Thanks for reporting this. It should be this "stream.avail_out = left > (uLong)max ? max : (uInt)left;" which HIT the .SAT_TRUNC. Aka below pattern. +/* Unsigned saturation truncate, case 2, sizeof (WT) > sizeof (NT). + SAT_U_TRUNC = (NT)(MIN_EXPR (X, 255)). */ +(match (unsigned_integer_sat_trunc @0) + (convert (min @0 INTEGER_CST@1)) + (if (INTEGRAL_TYPE_P (type) && TYPE_UNSIGNED (type) + && TYPE_UNSIGNED (TREE_TYPE (@0))) + (with + { + unsigned itype_precision = TYPE_PRECISION (TREE_TYPE (@0)); + unsigned otype_precision = TYPE_PRECISION (type); + wide_int trunc_max = wi::mask (otype_precision, false, itype_precision); + wide_int int_cst = wi::to_wide (@1, itype_precision); + } + (if (otype_precision < itype_precision && wi::eq_p (trunc_max, int_cst)))))) Take a quick look but failed to find something abnormal, will take a look into it.

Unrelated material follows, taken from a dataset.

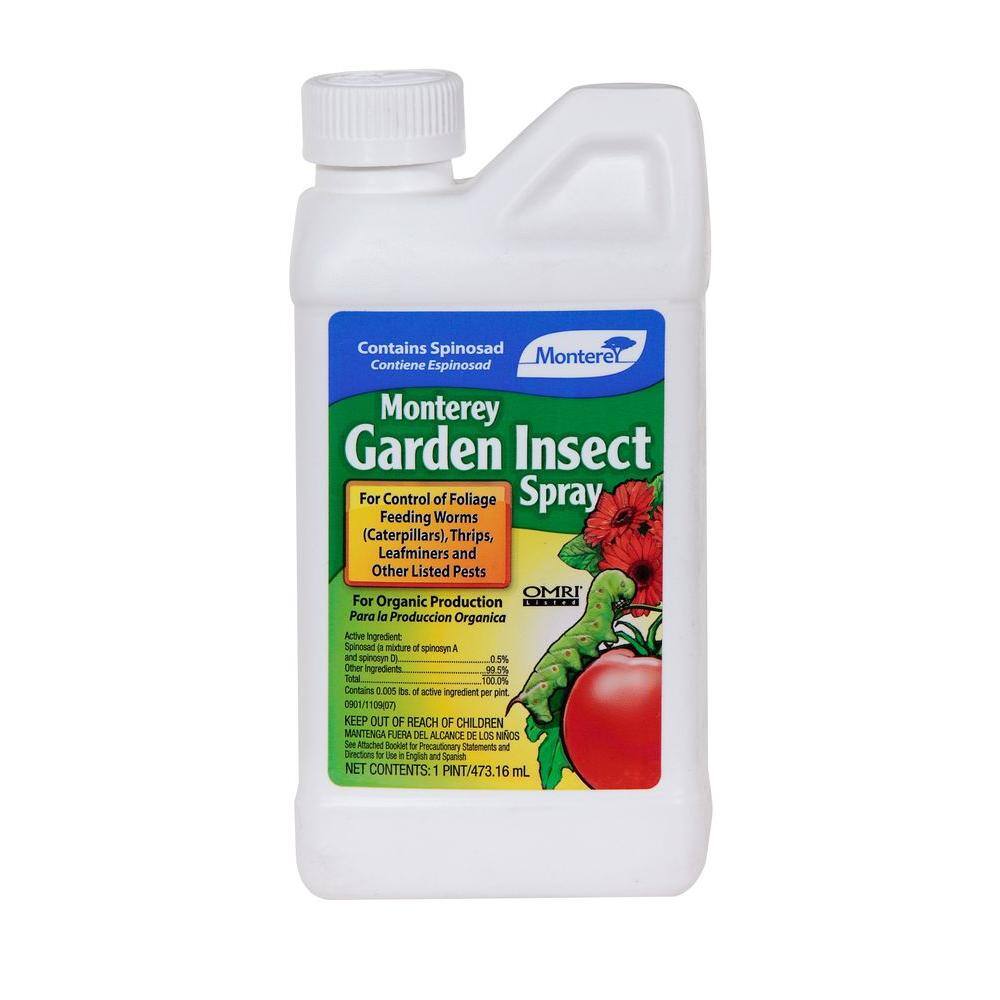 Monterey Garden Insect Spray with Spinosad Pts LG6150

See: https://gcc.gnu.org/pipermail/gcc-regression/2024-July/080225.html
This may be fixed by r15-1954.
(In reply to H.J. Lu from comment #3) > This may be fixed by r15-1954. Thank HJ, this makes much sense to me.
(In reply to H.J. Lu from comment #3) > This may be fixed by r15-1954. Great find! That fix repairs `zlib` and `perl` for me. Here is the extracted example from zlib-1.3.1 for completeness in case it's useful to have a generic C example for test suite: // $ cat compress.c typedef unsigned long uLong; typedef unsigned int uInt; struct s { unsigned int ai; unsigned int ao; }; __attribute__((noipa)) static void init_struct(struct s * p) { p->ai = 0; p->ao = 0; } __attribute__((noipa)) static void do_struct(struct s * p, uLong sourceLen, uLong destLen) { uLong left = destLen; const uInt max = (uInt)-1; if (p->ao == 0) { p->ao = left > (uLong)max ? max : (uInt)left; left -= p->ao; } if (p->ai == 0) { p->ai = sourceLen > (uLong)max ? max : (uInt)sourceLen; sourceLen -= p->ai; } } __attribute__((noipa)) static void check_struct(struct s * p) { if (p->ai != 0xe) __builtin_trap(); if (p->ao != 0xea60) __builtin_trap(); } int main(void) { struct s v; init_struct(&v); do_struct(&v, 0xe, 0xea60); check_struct(&v); return 0; } Crashing with gcc r15-1936-g80e446e829d818: $ gcc -O2 -o bug compress.c && ./bug Illegal instruction (core dumped) $ gcc -O1 -o bug compress.c && ./bug <ok>
Please note that w/o .SAT_TRUNC the compiler is able to optimize hot loop in compress2 to: <bb 5> [local count: 536870912]: _18 = MIN_EXPR <left_8, 4294967295>; iftmp.0_11 = (unsigned int) _18; stream.avail_out = iftmp.0_11; left_37 = left_8 - _18; while .SAT_TRUNC somehow interferes with this optimization to produce: <bb 5> [local count: 536870912]: _45 = MIN_EXPR <left_8, 4294967295>; iftmp.0_11 = .SAT_TRUNC (left_8); stream.avail_out = iftmp.0_11; left_37 = left_8 - _45;
(In reply to Uroš Bizjak from comment #6) > Please note that w/o .SAT_TRUNC the compiler is able to optimize hot loop in > compress2 to: > > <bb 5> [local count: 536870912]: > _18 = MIN_EXPR <left_8, 4294967295>; > iftmp.0_11 = (unsigned int) _18; > stream.avail_out = iftmp.0_11; > left_37 = left_8 - _18; > > while .SAT_TRUNC somehow interferes with this optimization to produce: > > <bb 5> [local count: 536870912]: > _45 = MIN_EXPR <left_8, 4294967295>; > iftmp.0_11 = .SAT_TRUNC (left_8); > stream.avail_out = iftmp.0_11; > left_37 = left_8 - _45; it looks like whatever recognizes .SAT_TRUNC doesn't pay attention that there are other uses of the MIN_EXPR and thus the MIN_EXPR stays live. IIRC :s on (match (...) is ignored (and that's good IMO) at the moment so the user of the match predicate has to check.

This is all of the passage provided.